From Sample Job to Production Connector
This guide is for data engineers who have completed the Day 0 quick start and want to wire in real data. It focuses on choosing the right connector, validating transformations, and promoting a job safely.
1. Capture requirements (10 minutes)
- Business goal: what question or downstream system are you serving?
- Data source: protocol (files, object store, HTTP API, database dump), expected frequency, size, and authentication.
- Destination: target format and ingestion expectations (batch vs streaming, retention requirements).
Document these answers; they drive connector selection and batching decisions.
2. Pick the right input (10 minutes)
Use the Build catalog to choose an input:
- Object stores: S3, GCS, Azure Blob, or FileStore for on-prem.
- APIs: HTTP Poll or HTTP Server depending on push vs pull models.
- Files: files for tailing logs or processing directories.
3. Design transformations (15 minutes)
- Map input fields to the schema you need downstream.
- Identify enrichment needs (lookups, timestamps, context values).
- Select actions: Actions overview describes field edits, filters, scripts, and enrichers.
- Plan for error handling (discard vs reroute) and record outlier handling.
4. Configure the job in the visual editor (30 minutes)
- Start with a copy of the default job or create a new job in the editor.

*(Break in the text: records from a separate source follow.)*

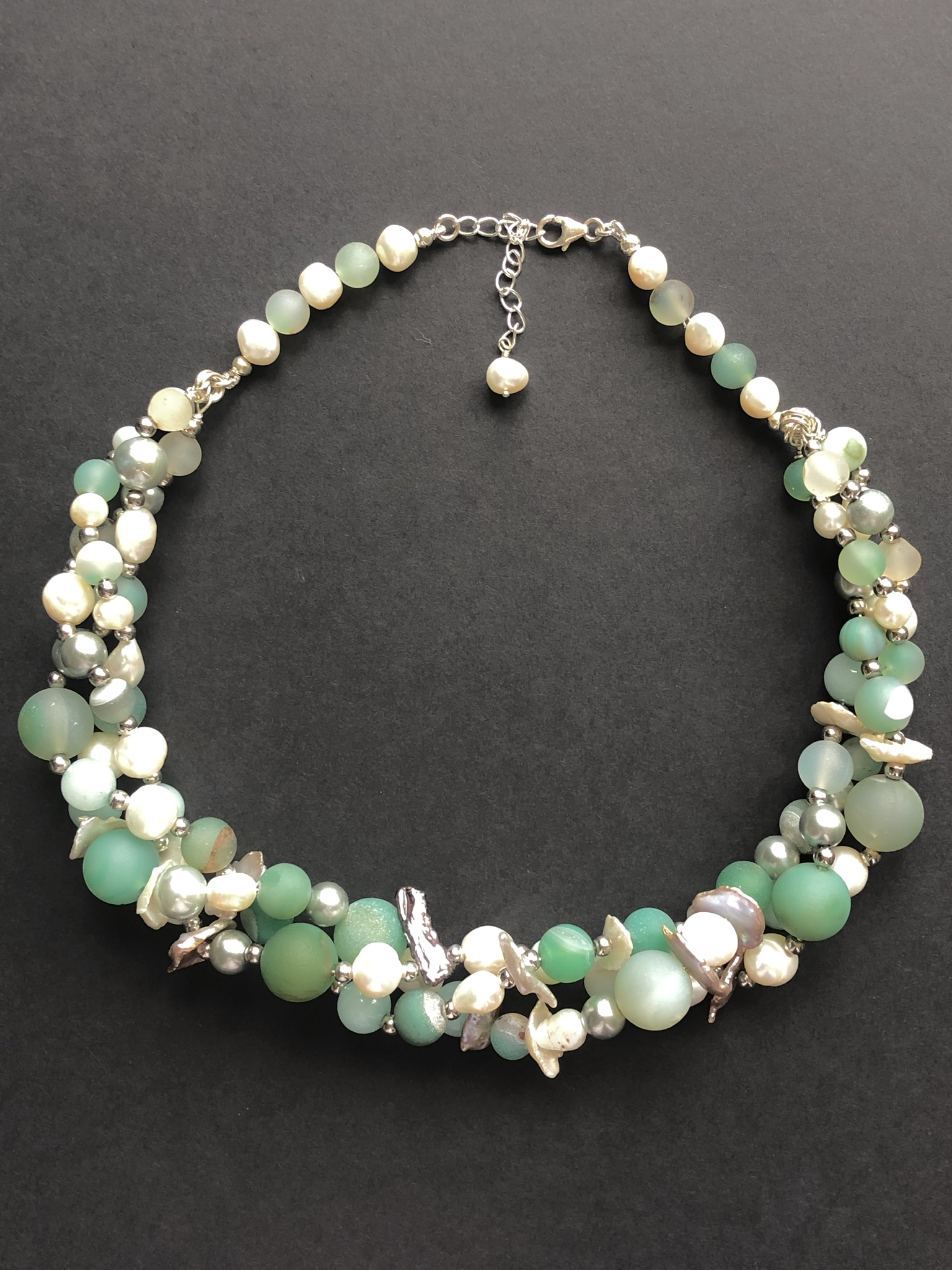 Frosted Agate and Freshwater Pearl Necklace - Image 2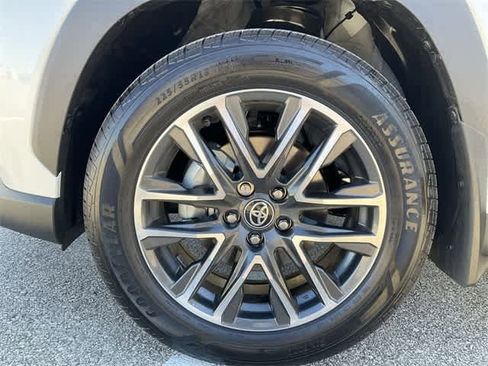 Certified 2026 Toyota Corolla Cross XLE w/ Convenience Package image 12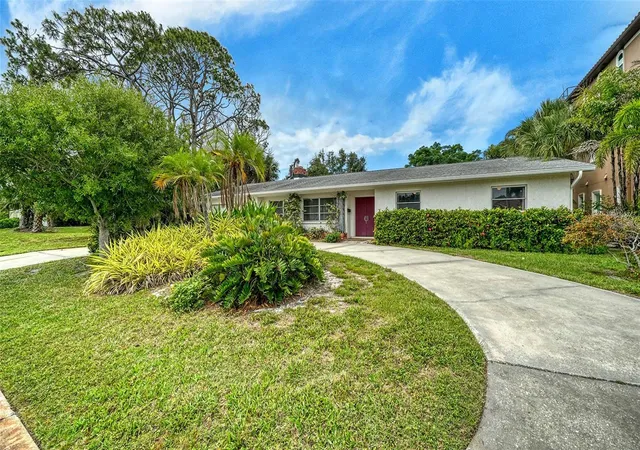 Photo 5 of Single family home for sale at 621 Alhambra Rd, Venice, FL 34285 | MLS# A4696116 | Listing updated on 2026-08-20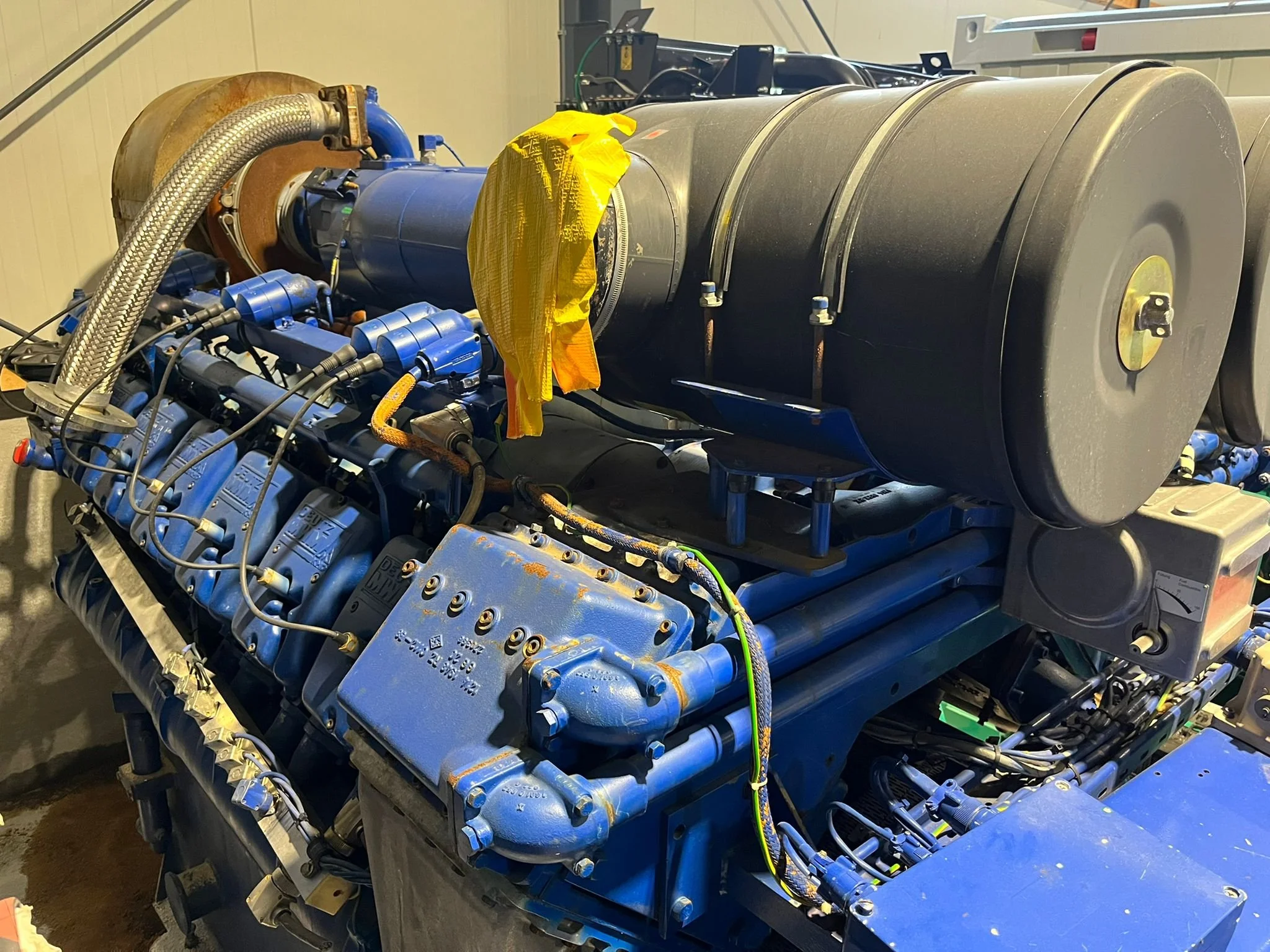 1050 kW MWM Natural Gas Generator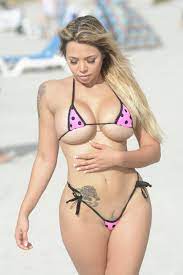 Bella Bunnie Amor In Tiny Bikini - Hot Celebs Home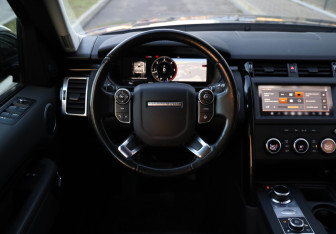 Подержанный автомобиль Land Rover Discovery 2018 года (9 фото)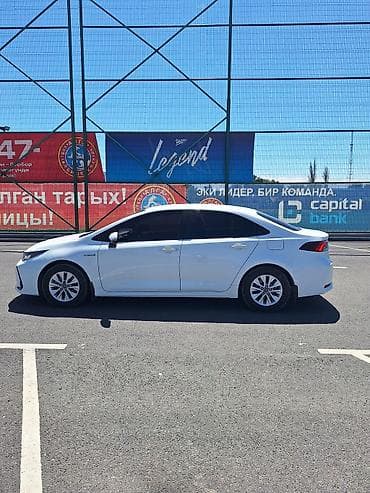 рестайлинг: Toyota Corolla: 2023 г., 1.8 л, Вариатор, Гибрид, Седан — 4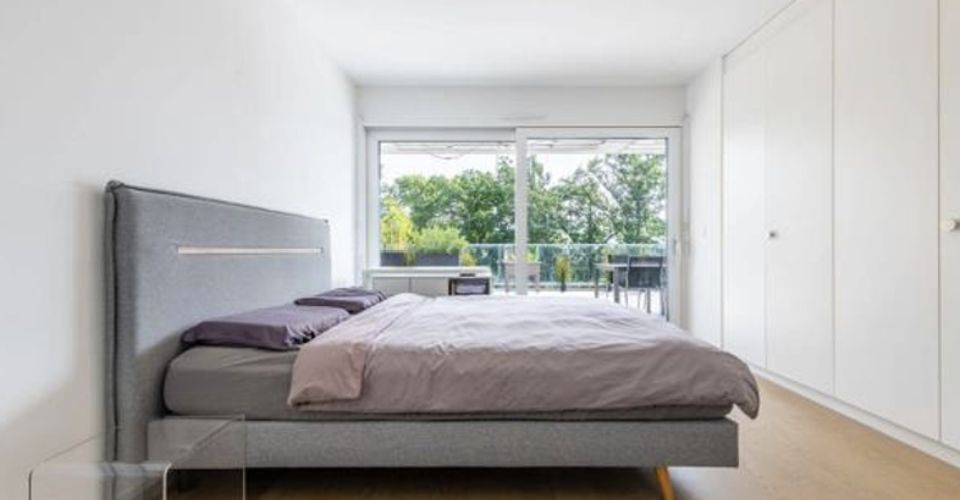 SUPERB APARTMENT OF ARCHITECT ON TOP FLOOR WITH LARGE TERRASSE - Appartement meublé - image - 3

- Swap the input for the real connector and fill required fields (bucket, keys, URL, credentials).
- Add actions for transformations and enrichment. Use add, convert, filter, or enrich as needed.
- Configure the output (S3, HTTP, file-store, etc.) with batching if required.
- Use Run & Trace with sample data to validate the end-to-end flow. Adjust until the output matches expectations.
5. Handle secrets and context (10 minutes)
- Use job context values for API keys or environment-dependent settings.
- Document required environment variables and verify they are covered in staging/production.
- Reference the context management guide for merge rules and overrides.
6. Stage, test, and promote (20 minutes)
- Stage the job and deploy it to a non-production worker first.
- Validate metrics and logs after a sample run. Look for retries, error counts, or shape mismatches.
- Update runbooks with monitoring requirements (dashboards, alerts). See the Monitoring guide for key metrics.
- When satisfied, deploy to production workers and monitor closely during the first full run.
7. Share status and iterate
- Record the job’s purpose, owners, and SLA in your team docs.
- Schedule periodic reviews with downstream consumers to confirm the pipeline meets their needs.
- Add lessons learned back into the build tutorials so future jobs benefit.
Quick checklist
- Requirements documented (source, destination, schedule, success criteria)
- Input connector selected and tested with sample data
- Actions configured and validated using Run & Trace
- Output batching and delivery confirmed
- Context/environment variables defined
- Job staged, promoted, and monitored in production
Once you’re comfortable building manually, graduate to automation with the CI/CD guide. The actions, batching, and context patterns above form the foundation of every production job.